I know it is not Christmas, but considering the fact that while in such a hurry to get to the upcoming train, you kicked my 4 year old off the stairs, where she counted the remainder of them all with her bum, pushed me to the side while I was STILL on the stairs WITH the stroller, and then even swore at me for being on YOUR way ( even though you were BEHIND me), I am completely happy with the grinch-rewarding smile from us and a few people around when you got pulled over by the security and we got YOUR sit on the train. I'm sure wherever you were running to became much less important. Too bad good realizations come a minute too late, don't you think?

April 23, 2010

Feels good to be normal again

It's been some time since the last post. Writer's block. Just the other way around. There was so much to say in my heart , that it was near to impossible to put it all on paper ( or computer) .So I ended up saying nothing, and keeping it all to myself. With time, I will tell.

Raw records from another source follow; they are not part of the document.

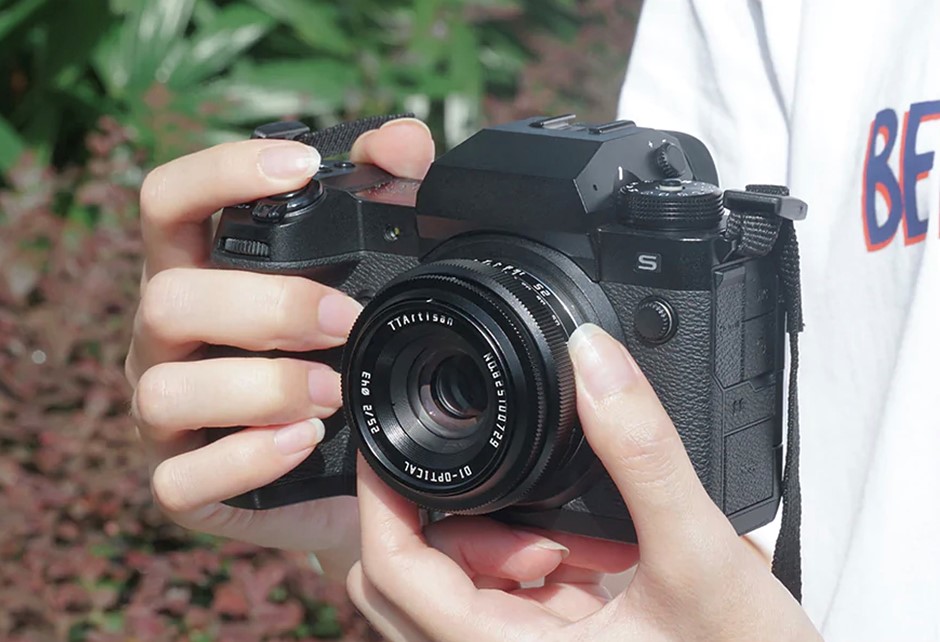 TTArtisan releases $55 25mm F2 lens for APS-C camera systems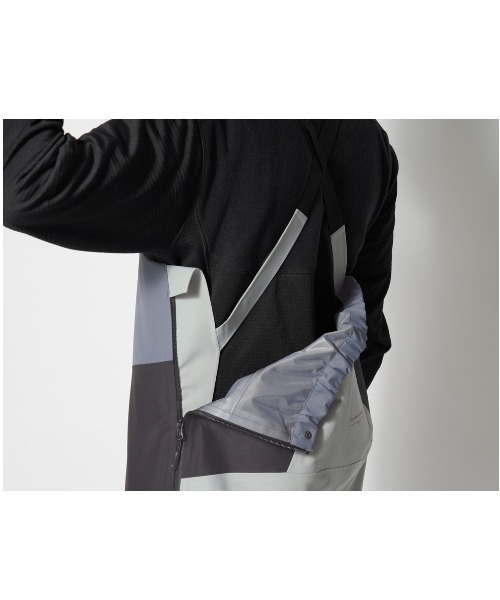 Snow Peak（スノーピーク）の「3L Graphen Bib Pants（その他パンツ
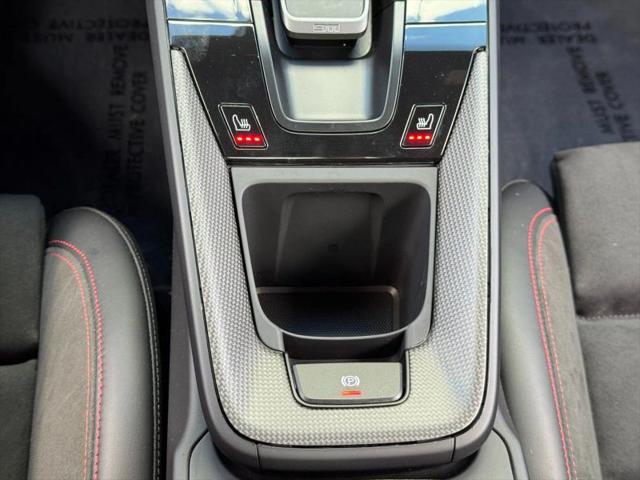 2025 Porsche 911 Carrera 4 GTS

However, today, walking outside, I realized that today is the day, when I am ready to write. Something new and something different that I haven't felt in a while: It feels good to be normal again. Normal from the eyes of my world. Where I don't have to cringe in guilt at the coffee shop, where there is no need for a strictly at the knee or below length or covered shoulder only,
where three kids ( or ANY number of kids) is a wonder and miracle, where marriage is an exception, and where the relationships matter because there is no obligation , but only pure hearts desire. To be in the world filled with people, and street carts, and news paper stands and business talk, and museum updates, and new exhibitions, and concerts and shows to the extend that there is no possible way to see them all. Where at the greeting from the warm sun, the restaurants and cafe's spread out on the side walks , with beautifully set tables and fancy cloth napkins; where eating out is not a "fun", but regularity; where parks are filled with picnics and bike riders. The world that has life. It feels good to be a part of it again.

PS Disclaimer. To my dear LDS friends - please, do not take this offensively. I know that what you do works for you beautifully. And may that bring happiness to you always. You love your life. And I do mine.